--- Given data Enclosed Below ---

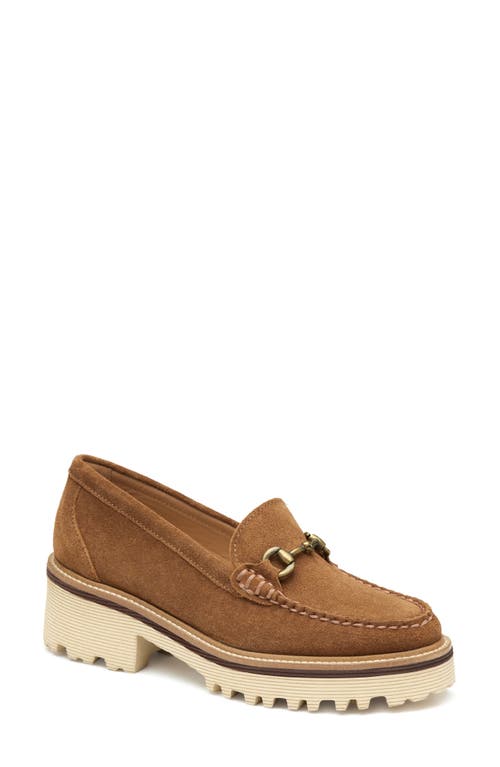 Shop Johnston & Murphy Emmalynn Lug Sole Bit Loafer In Whiskey Suede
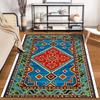 Traditional Geometric Tribal Pattern Carpet with Blue and Red Design Suitable for use as an anti-slip for living room bedroom sofas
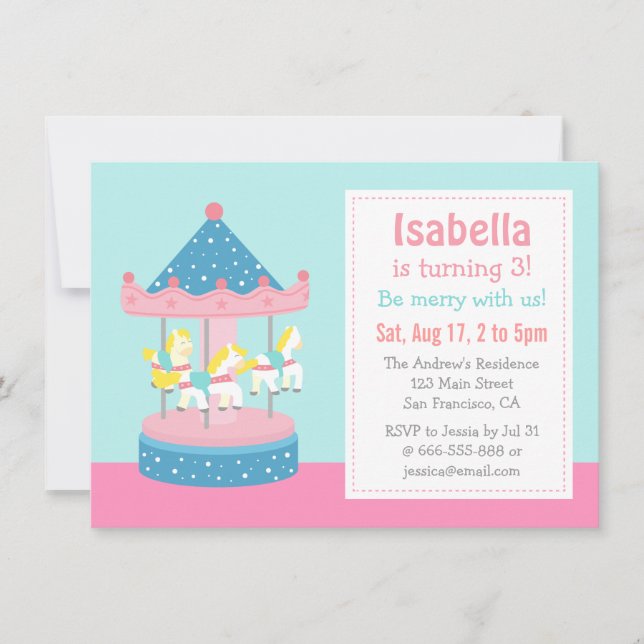Merry Go Round, Carousel Birthday Party Invitation (Devant)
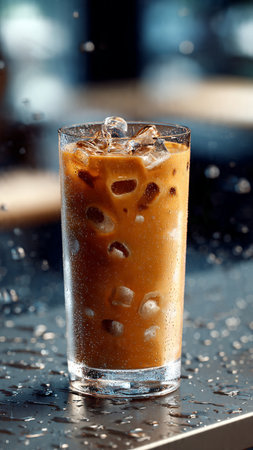 Iced coffee in a glass with ice cubes on the table.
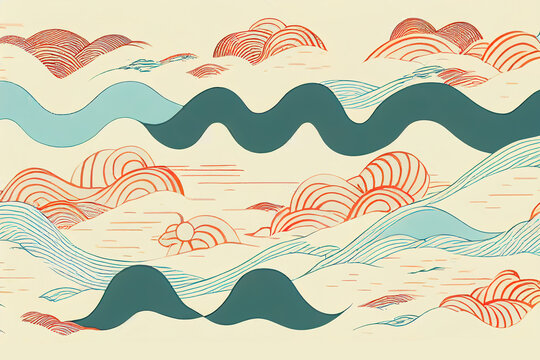Japanese background with Hand drawn wave pattern , Abstract image with line pattern, Ocean sea design in vintage style v1 © 2rogan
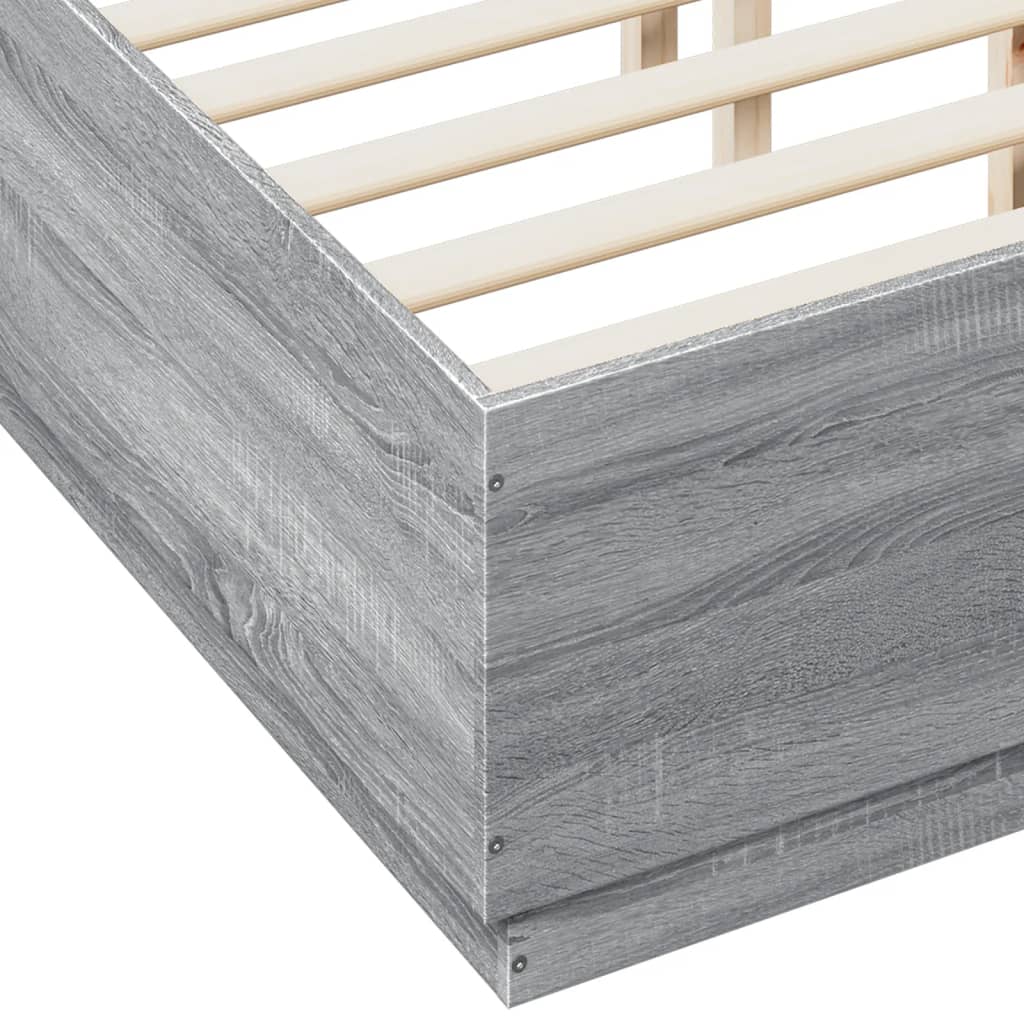 Bedframe Met Led-Verlichting Grijs Sonoma Eiken 120X190 Cm Donkerbruin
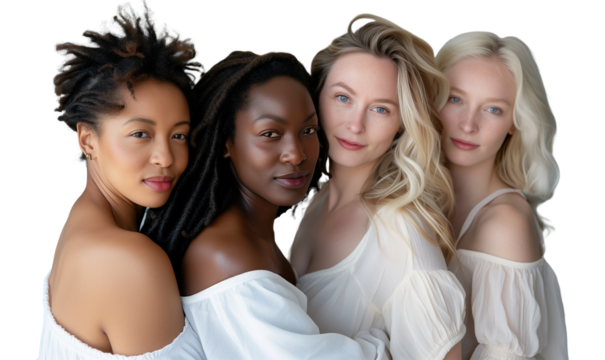Smiling Multiracial Group of Women on Transparent Background, Friends, Sisterhood Having Fun Together, DEIB, Fashion and Friendship.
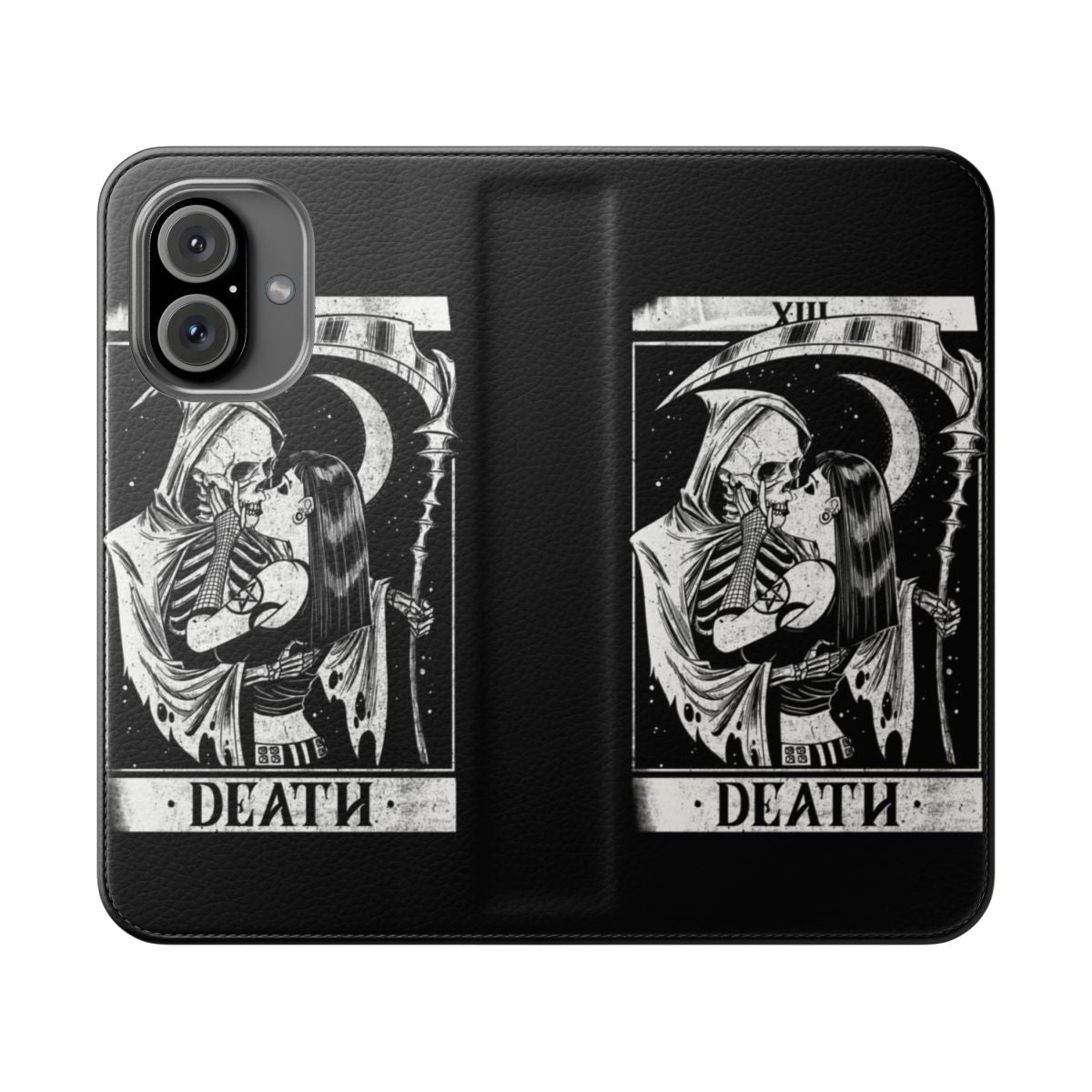 Vintage-style gothic phone case with Grim Reaper tarot card design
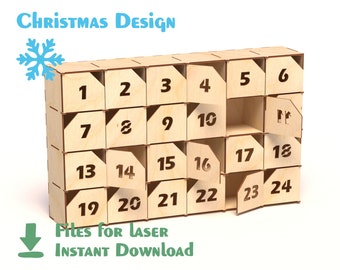 Simplest Advent Calendar - Laser Cut - SVG, DXF, AI - Chrismas design - pattern Christmas calendar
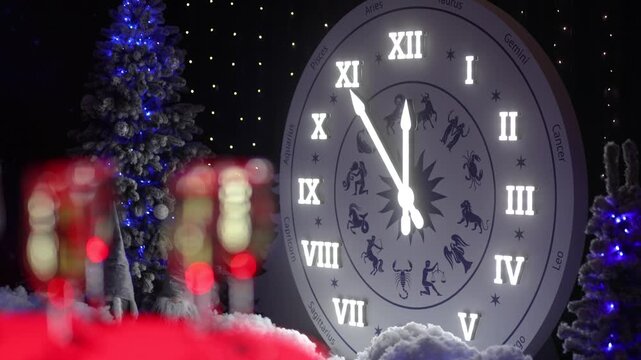 Countdown to the Celebration: A luminous clock showcases the eleventh hour with illuminated numerals and zodiac signs, surrounded by festive decorations.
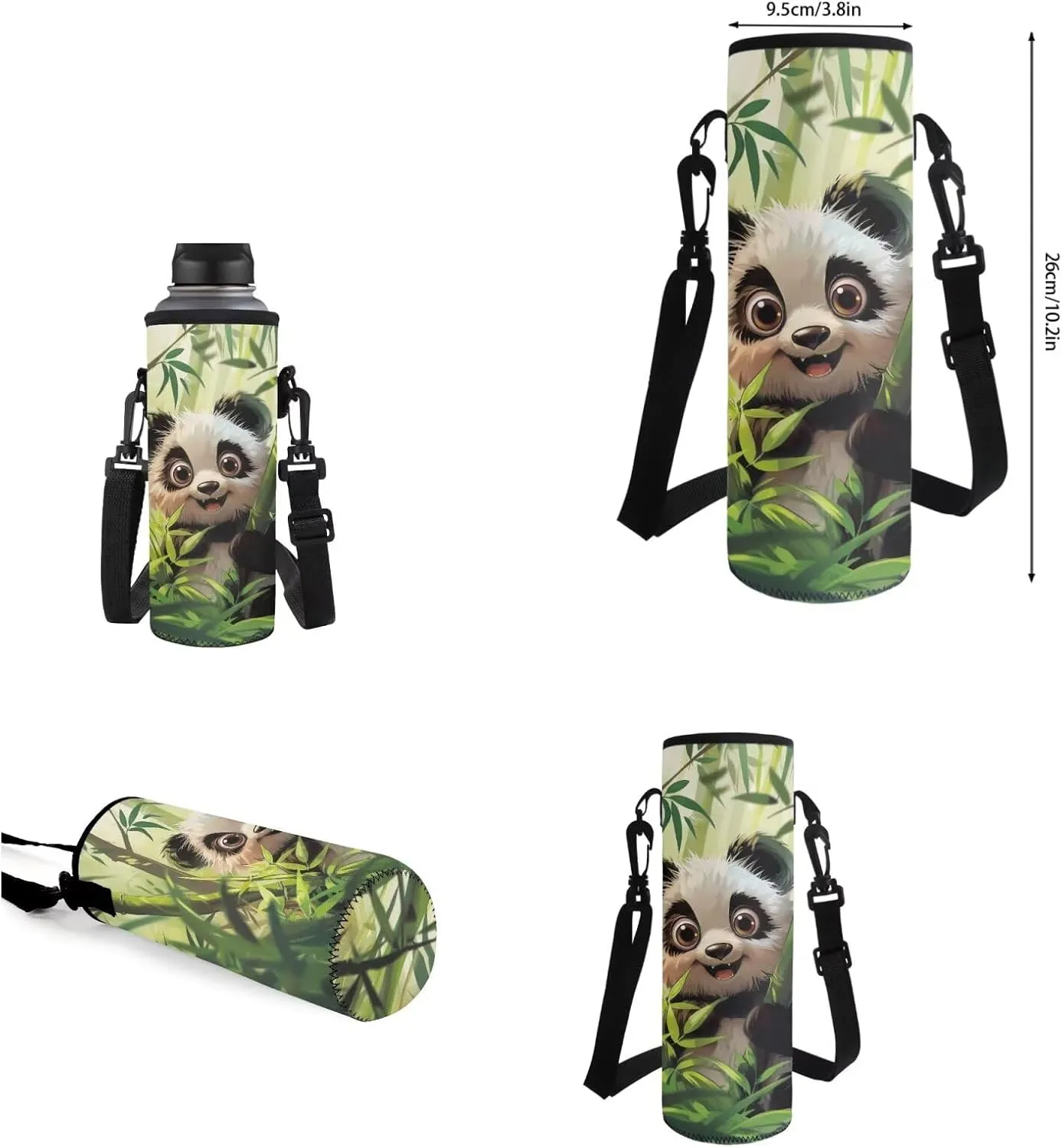 4PCS Panda Backpack for Girls with a Matching Lunchbox Backpack with Adjustable Straps Wate Bottle Carrier and Pencil Holder 17 Inch Novelty Bookbag for 1-8th Grade Students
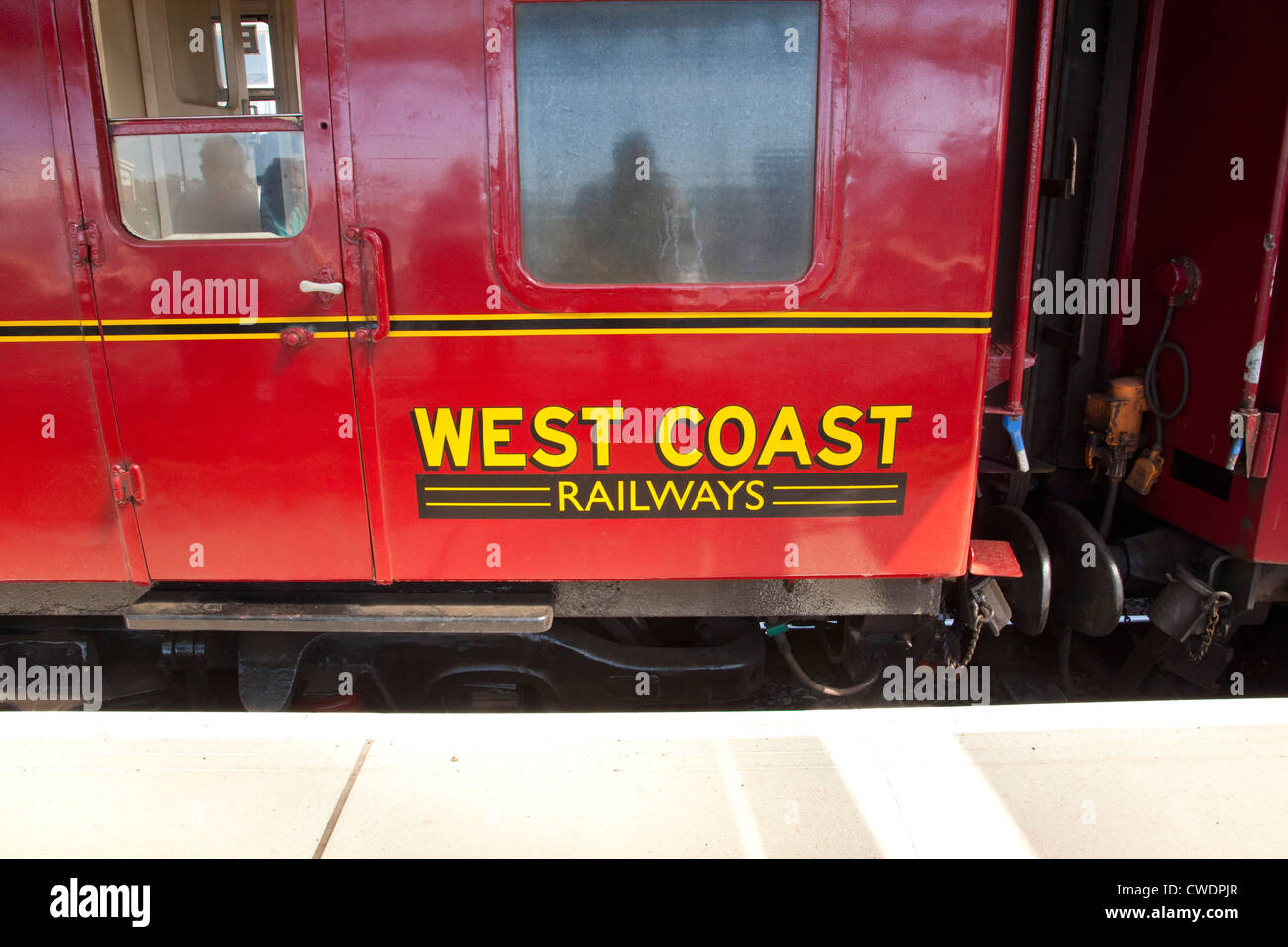 West Coast Railways Coach pulled by 'Tangmere' at Weymouth Station Stock Photo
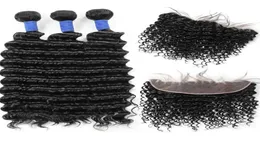 10A Brasiliana Deep Wave 3bundles con bundle per capelli umani peruviani da 13*4 pizzo Malaysia con chiusura all'ingrosso per donne tutte le età Jet Black1201888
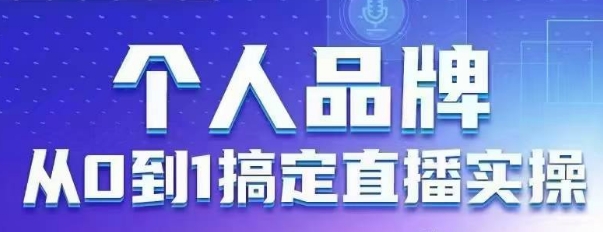 个人品牌：从0到1搞定直播实操，用直播为你的个人品牌赋能，六大实操板块，放大个人影响力-升阶有道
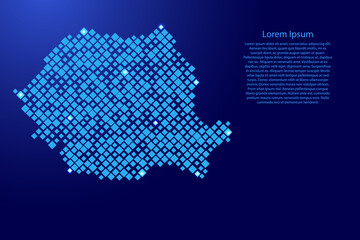 Romania map from blue pattern rhombuses of different sizes and glowing space stars grid. Vector illustration.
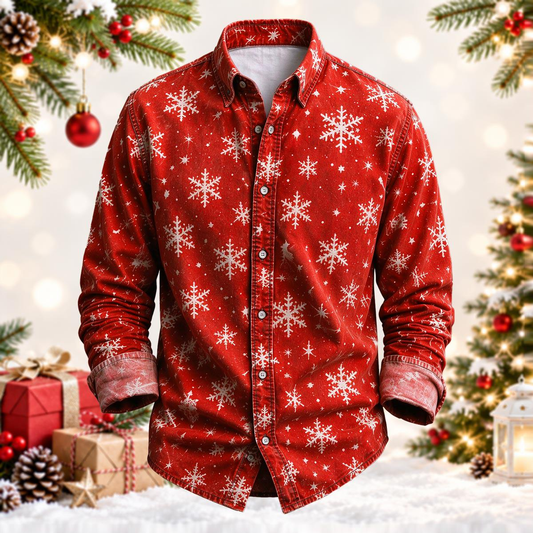 Christmas Party & Winter Gift Snowflake Printed Shirt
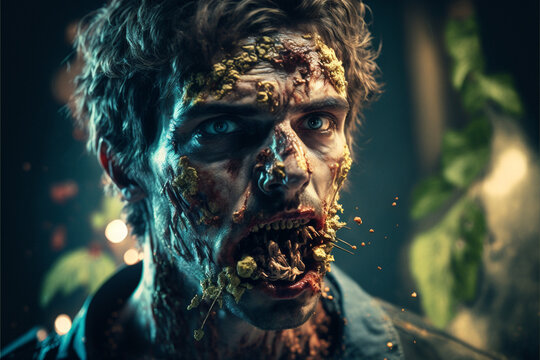 A zombie man with open mouth and fungus coming out of his mouth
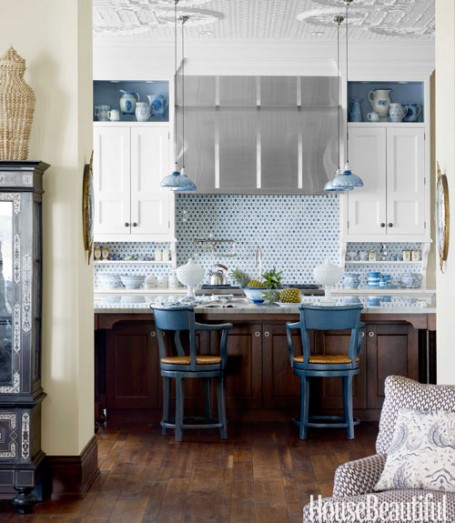 blue and white kitchen
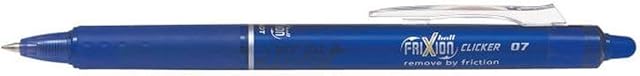 Pilot Blue Frixion Clicker Retractable Fine Rollerball Erasable Pens Pen 0.7mm Nib Tip 0.35mm Line BLRT-FR7 (Pack Of 3)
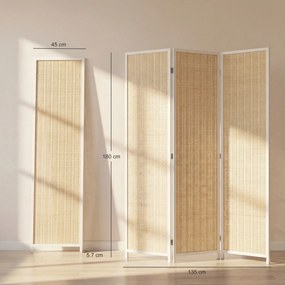 HOMCOM Paravan de Interior cu 3 Panouri, Pliabil, din Lemn și Bambus, 180 cm, Stil Boho, Natur/Alb | Aosom Romania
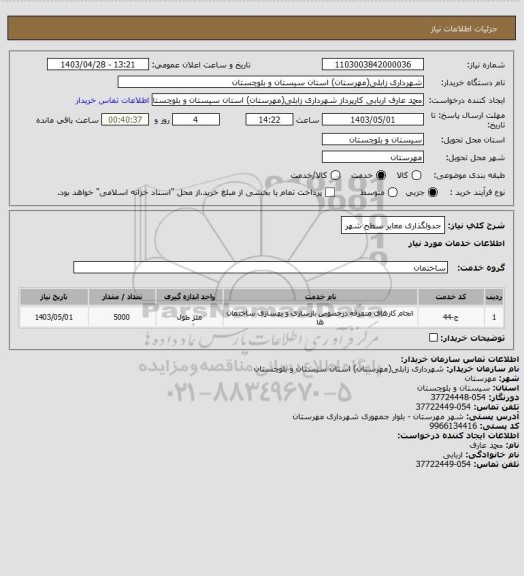 استعلام جدولگذاری معابر سطح شهر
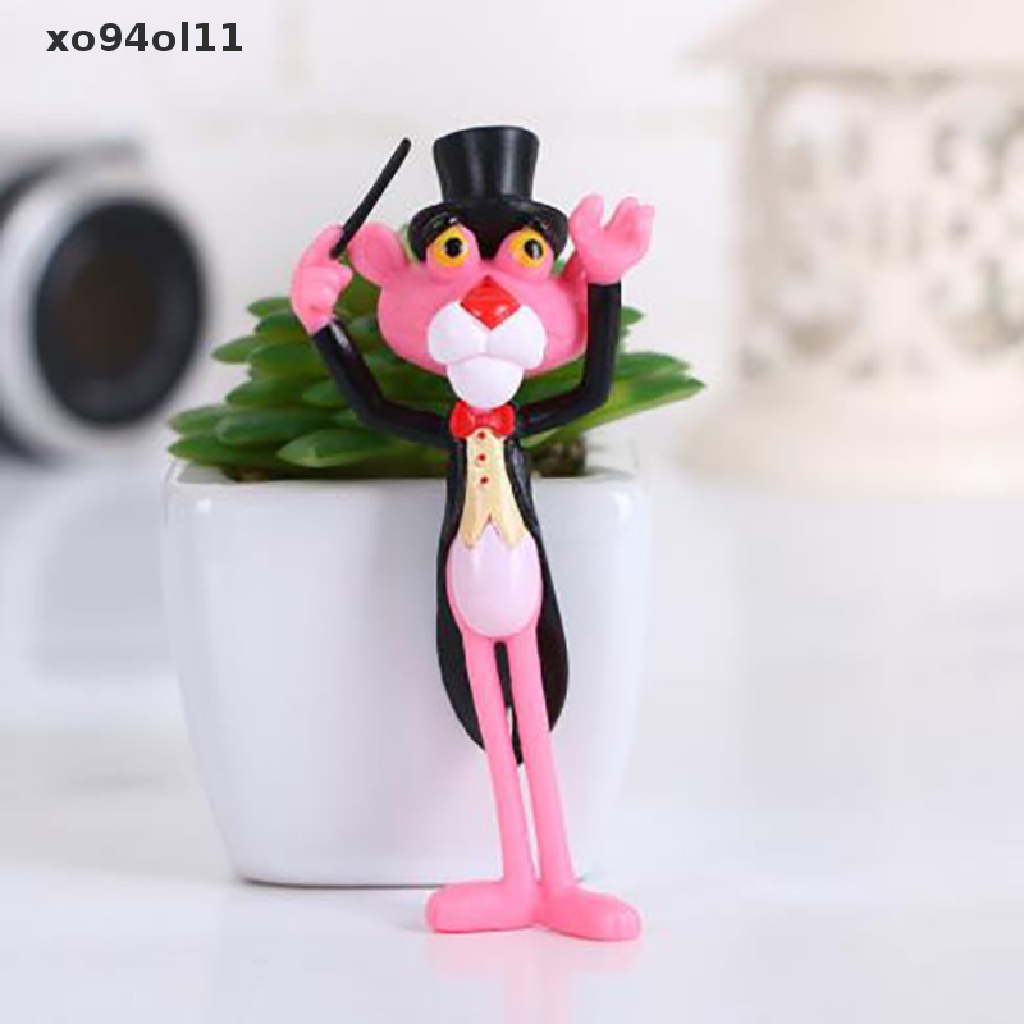 Xo 4pcs/lot Action &amp; Toy Figure Pink Panther Boneka Lucu Micro Landscape Dekorasi OL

--- End of Enclosed Given data ---

# [Task to complete]
Word for word, restate the lines above from the one with "Japanese background with" through the one with "Countdown to the", keeping both ends and dropping the pictures.

# [Written solution]
Japanese background with Hand drawn wave pattern , Abstract image with line pattern, Ocean sea design in vintage style v1 © 2rogan
 Bedframe Met Led-Verlichting Grijs Sonoma Eiken 120X190 Cm Donkerbruin
Smiling Multiracial Group of Women on Transparent Background, Friends, Sisterhood Having Fun Together, DEIB, Fashion and Friendship.
 Vintage-style gothic phone case with Grim Reaper tarot card design
 Simplest Advent Calendar - Laser Cut - SVG, DXF, AI - Chrismas design - pattern Christmas calendar
 Countdown to the Celebration: A luminous clock showcases the eleventh hour with illuminated numerals and zodiac signs, surrounded by festive decorations.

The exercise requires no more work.